I came to this conclusion through trial and error and it's taken almost 20 years. Several key experiences have drawn me into the understanding of what connections to my neighbors - and I mean my actual next door neighbors, not my global neighbors- means. First, I can honestly say I did not realize how much my family gained from community while I was growing up. I spent just about every free moment as a child in the woods daydreaming about being Laura Ingalls Wilder or, as I became a teen, Thoreau. I felt most at home "walking the creek" alone or reading next to one of the three ponds in our back ninety acres. When the school year approached I frequently dreamt I'd forgotten an important article of clothing, such as pants, and, in my dreams, I wouldn't realize it until boarding the school bus. To me, school meant cacophony. It meant feeling alone in a crowd. I skipped pep rallies to read in the library because I liked the quiet (I still hate crowds). I blamed my discomfort on the typical complaints about life in a small town - everyone knows everyone, there's nothing to do, I never felt like I fit in etc. So I took off across the country for college and landed in a mid-sized city.

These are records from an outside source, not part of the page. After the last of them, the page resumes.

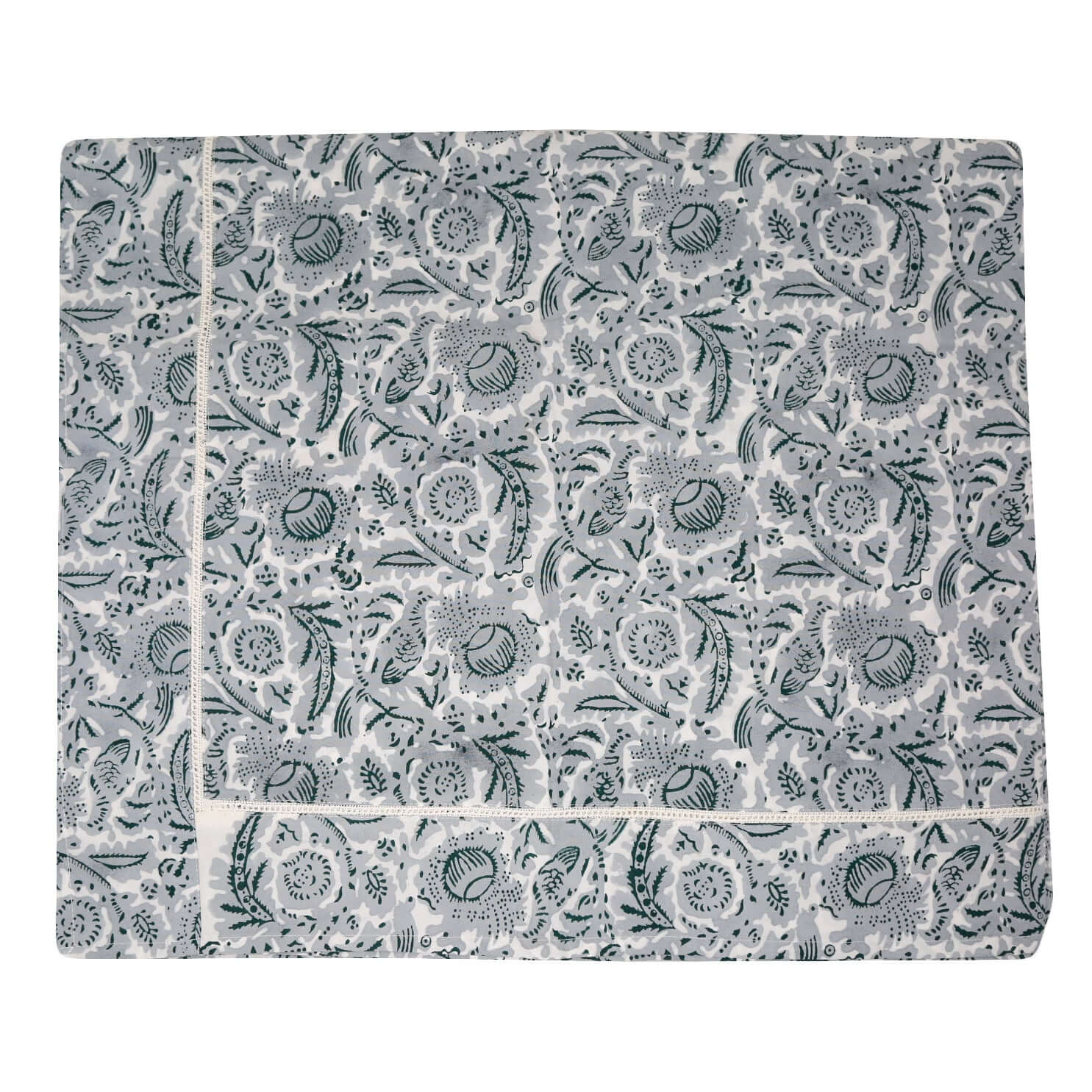 Bird of Paradise Tablecloth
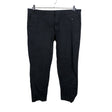 Miesten Hugo Boss - Chinot, koko XXL - Musta ()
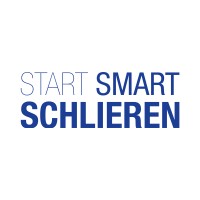 Start Smart Schlieren logo - Similar company to Limmatstadt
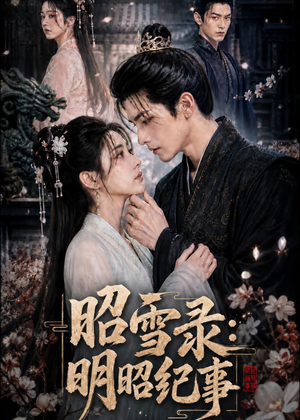 昭雪录:明昭纪事(20集) 昭雪录:明昭纪事(20集)第一季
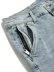 画像3: 【送料無料】PRO CLUB HW BAGGY FIT DENIM CARGO PANT LT STW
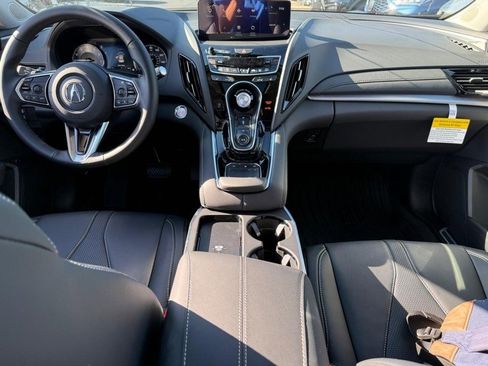 New 2025 Acura RDX w/ Technology Package image 6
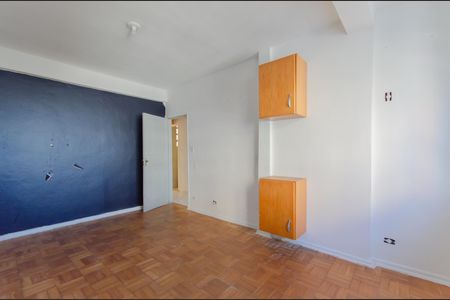 Apartamento à venda com 52m², 1 quarto e sem vaga Apartamento à venda com 52m², 1 quarto e sem vagaSala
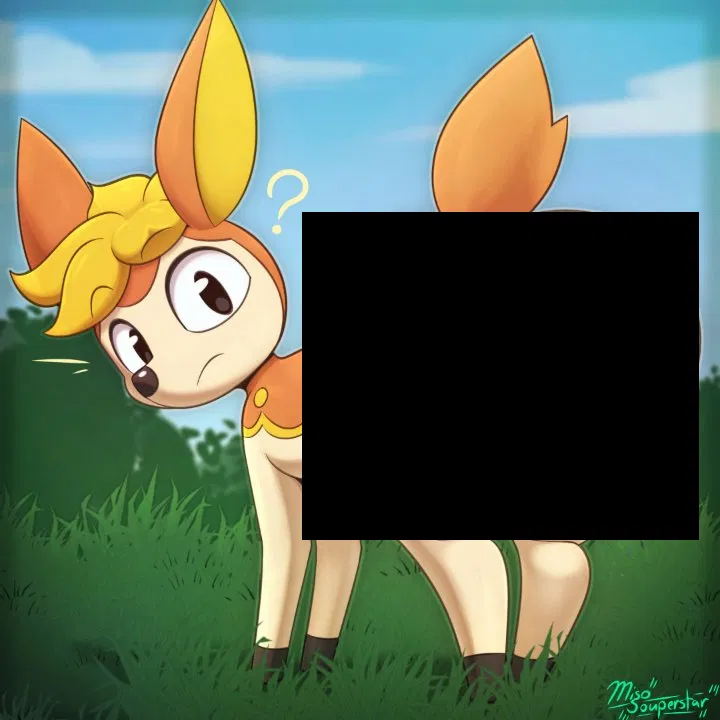 Avatar of A Female Deerling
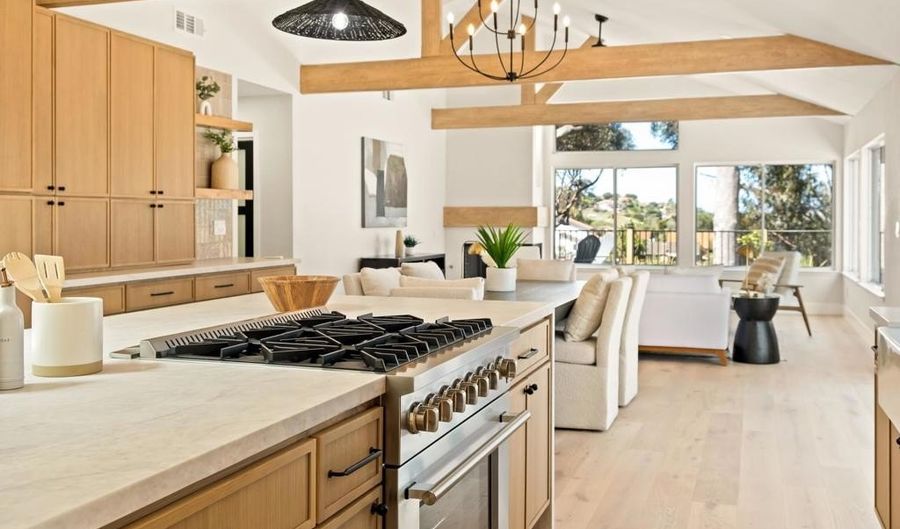 417 Santa Victoria, Solana Beach, CA 92075 - 3 Beds, 2 Bath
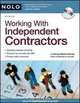 Working With Independent Contractors, Stephen Fishman 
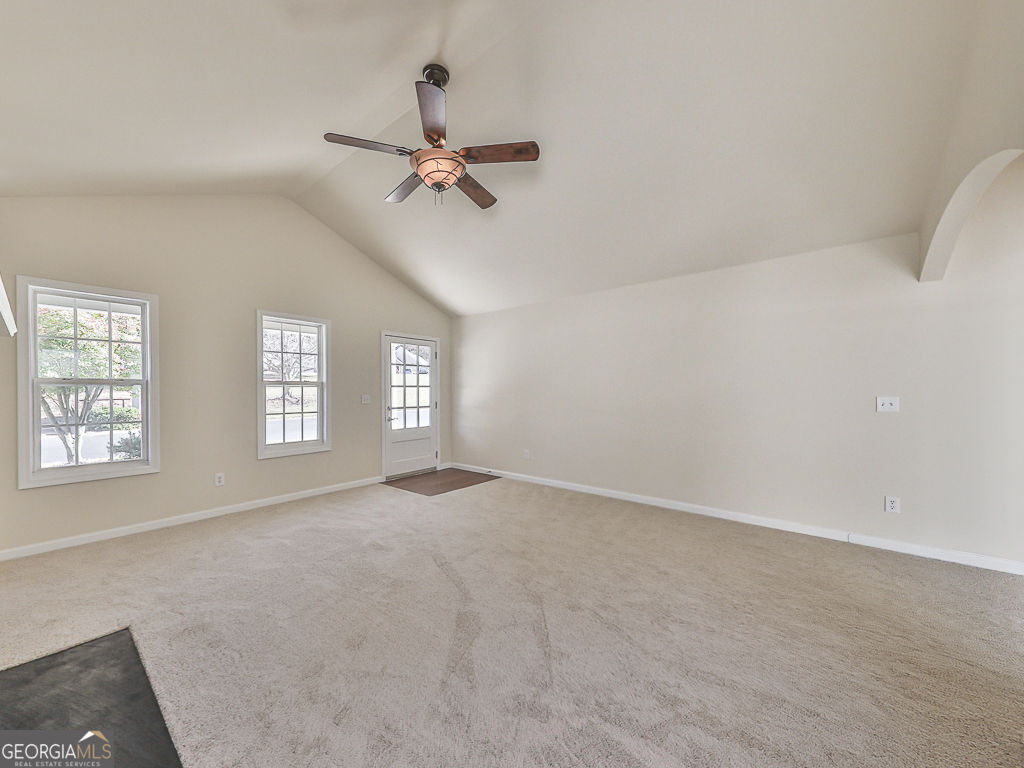 COTTAGES @ BAKER ROAD - Residential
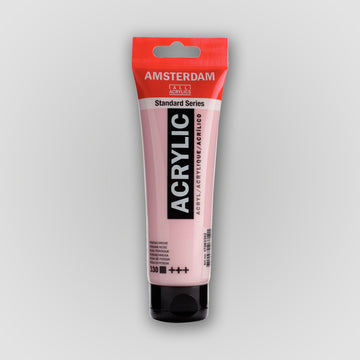 Amsterdam Acrylverf 120 ml 330 Perzischroze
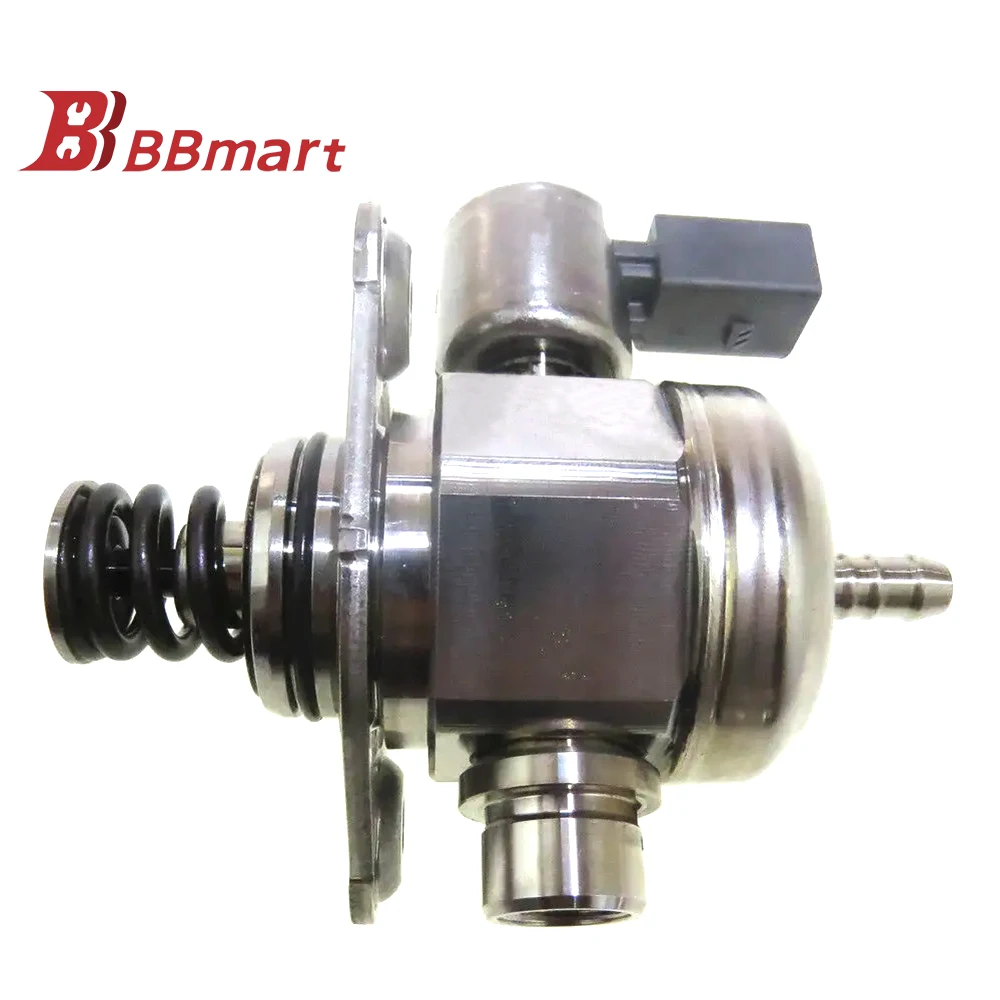 

BBmart Auto Parts High Pressure Fuel Pump For Audi A3 A4 S4 A4L Q3 TT 06H127025N Car Accessories 1PCS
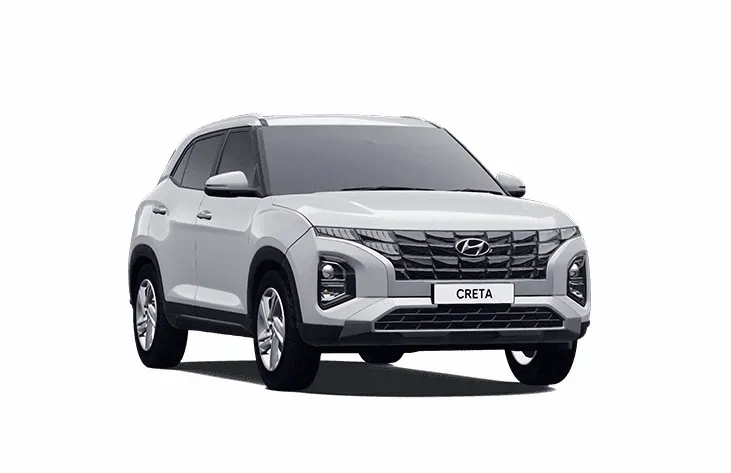 Hyundai Creta 2024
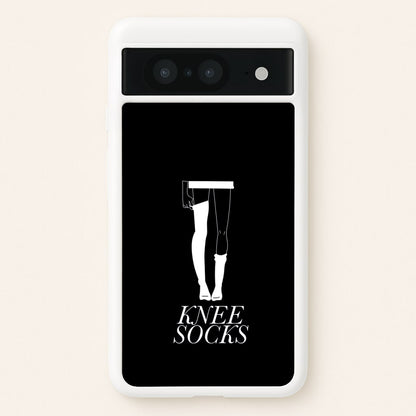 Knee Socks  - Arctic Monkeys Phone Case for Google Pixel 8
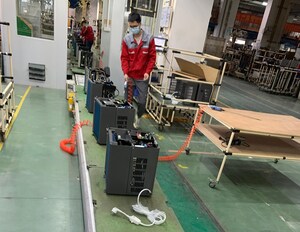 PHNIX Starts Mass Production of Its New ExpertLine-Mini Swimming Pool Heater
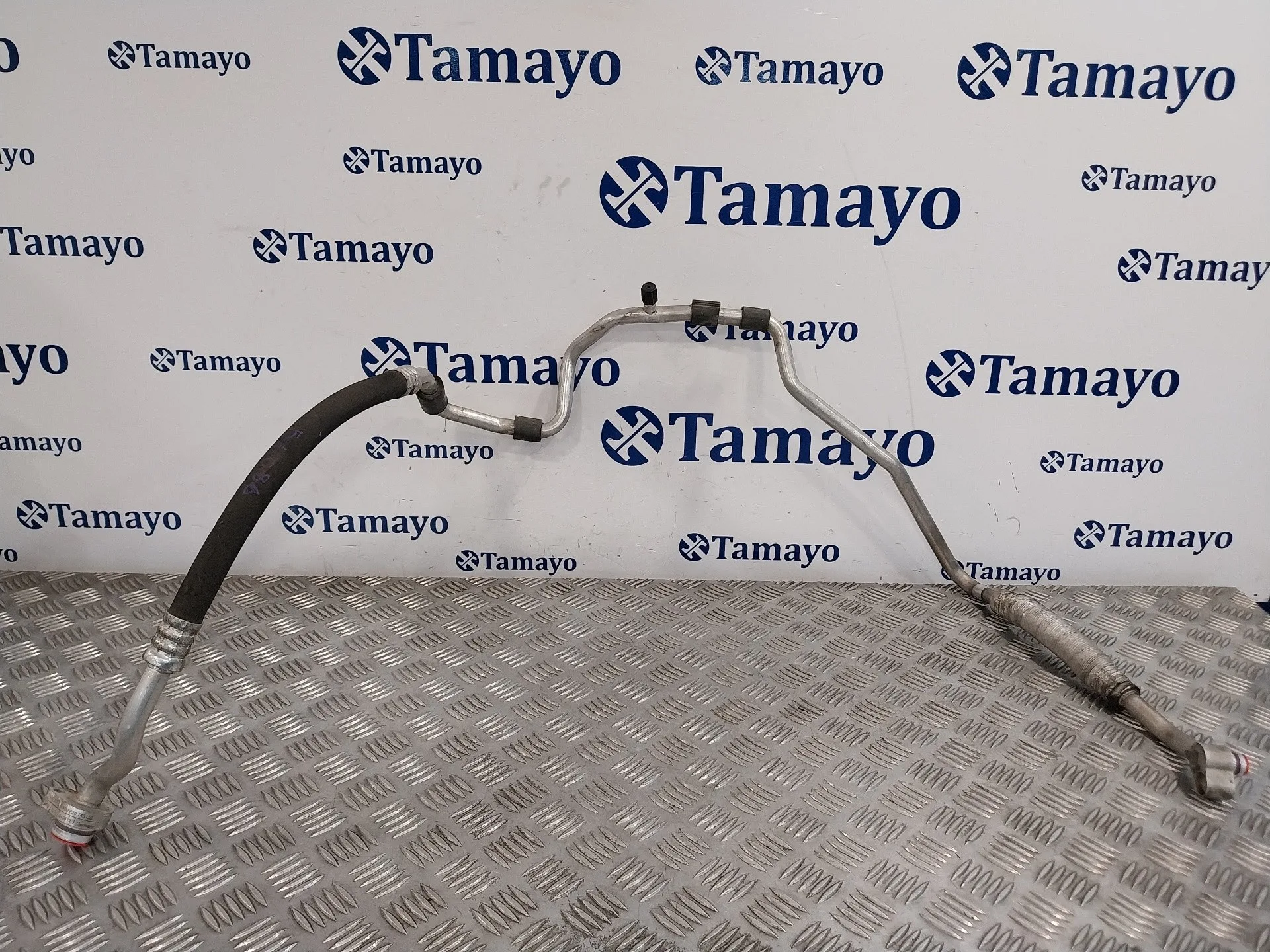 Tubos Aire Acondicionado para Volkswagen Passat Variant (365)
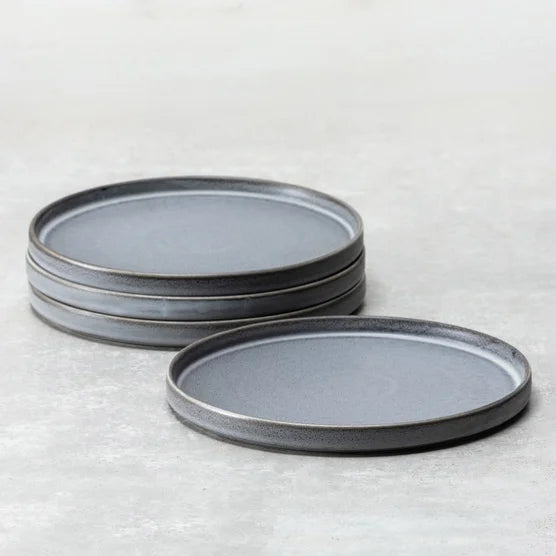 Sound Thunder 16-piece Dinnerware Set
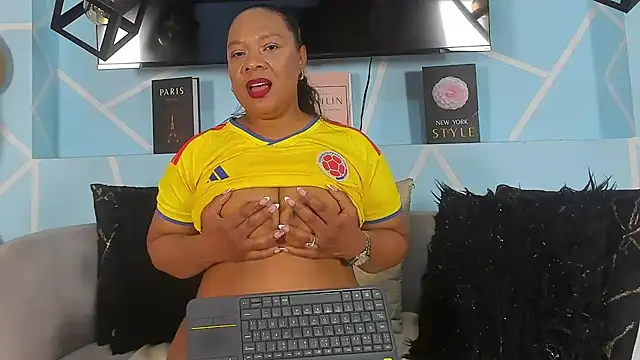 sharon_noa live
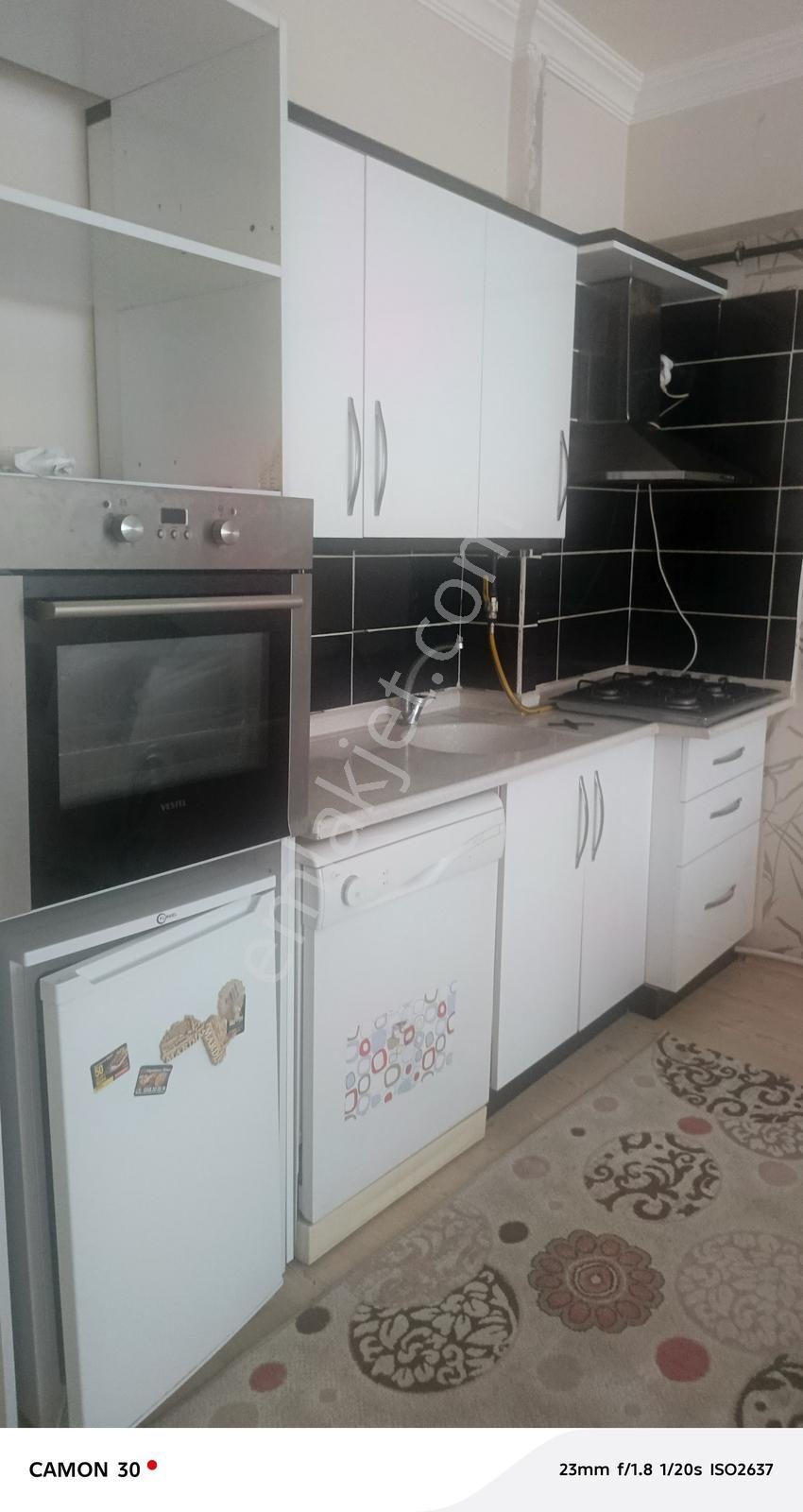 Şeyhcui Mahallesi Kiralık Eşyalı 1+1 Daire - Görsel 12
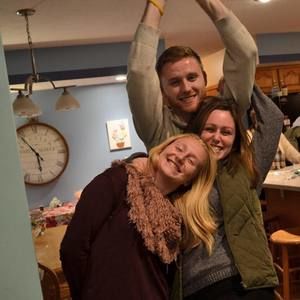 Meet your Posher, Ryan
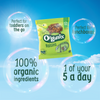 Organix Raisins Mini Boxes
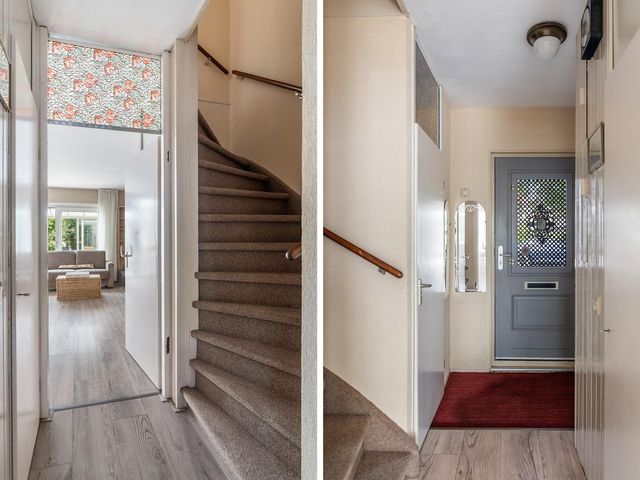 Ebstroom 32, Hellevoetsluis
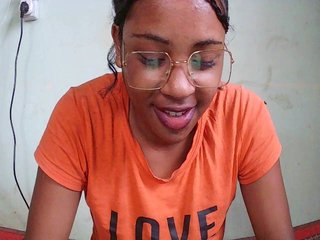 TriciaBella Porn Show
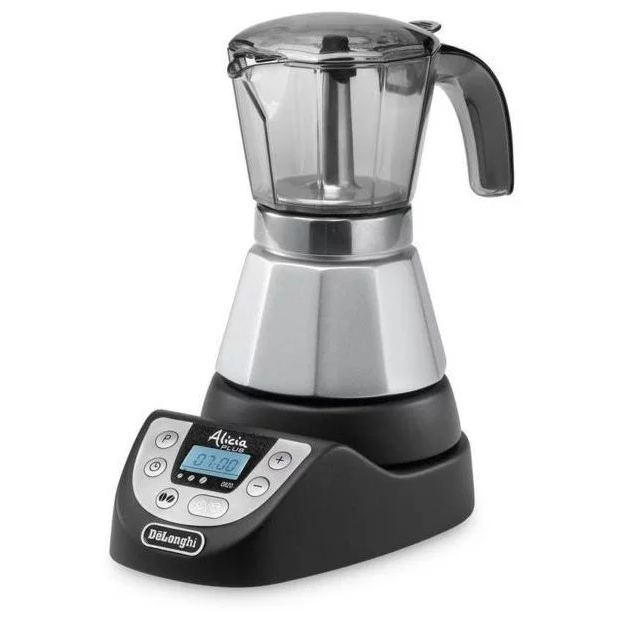 Delonghi kotyogós kávéfőző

Strangly enough, I found that in a sea of people it was actually easier to disappear. I also realized I had to buy produce. You see, in the summer and fall, my dad would bring home bags of fresh tomatoes, gigantic squash and such. People would give him produce, he would give them corn or melons. We never had a garden and there was harldly ever fresh produce in the grocery stores, but we always had loads of homegrown veggies. I'd never realized this until I had to buy them. Of course, I was also enamored of the giant West Coast grocery stores, stocked with items from all up and down the I-5 corridor. Things like gorgeous red peppers even in the middle of winter! Oh, but my awareness of the fossil fuel cost of this food came much latter and is a different story. I missed all those free veggies from home!

After college and grad school, I moved to an even larger city where I "settled down" in a typical suburban neighborhood. We bought the house because it needed fixing up and was on a large plot. I had visions of secluding myself in a lush garden and growing plants that would insulate me from the sounds of next door neighbors. This worked for the first few years - before we started really undertaking the remodel projects. Then our current neighbors moved in and that led me to my second understanding of the importance of community. Our new neighbors did crazy things like invite us over to BBQ dinners that were delicious. Their cousins and parents would come to these dinners and at first we didn't realize they were inviting us to dine with other folks. We were a little surprised they would invite these two girls into their family like this. (OK so part of it is that is we're lesbians and they're a straight, catholic couple. We thought that maybe at first they thought we were just roommates. They shattered that delusion after asking if we thought we'd ever have kids.)

After about a year of living next to each other, our shared fence blew over in a storm. When we went to replace the fence, our neighbors (who are renters by the way) helped us build the fence. George, a burly ex-navy recruiter, dug up the most stubborn of the old concrete post-holes and Cheryl made dinner for all of us. At the same time, we invited a friend over to help with this project. When we replaced our floors, George helped us move our largest piece of furniture. We also had help from another friend who came in at just the right time to save our marriage. (I'm sure you understand that if you have done any remodel project with your spouse....)When we were sick with strep throat last month, George and Cheryl's nephew brought over a plate of food. Tonight, we are babysitting their 2 year old little girl.

And so, through obvious and many more subtle events, I have come to realize that good neighbors, a community of support and resources, are necessary for every true homestead. We learn things from each other that make independent living easier and richer. It's about swapping from one grid to another, more delicate, web of relationships. It's the cardinal rule of homesteading - know thy neighbors.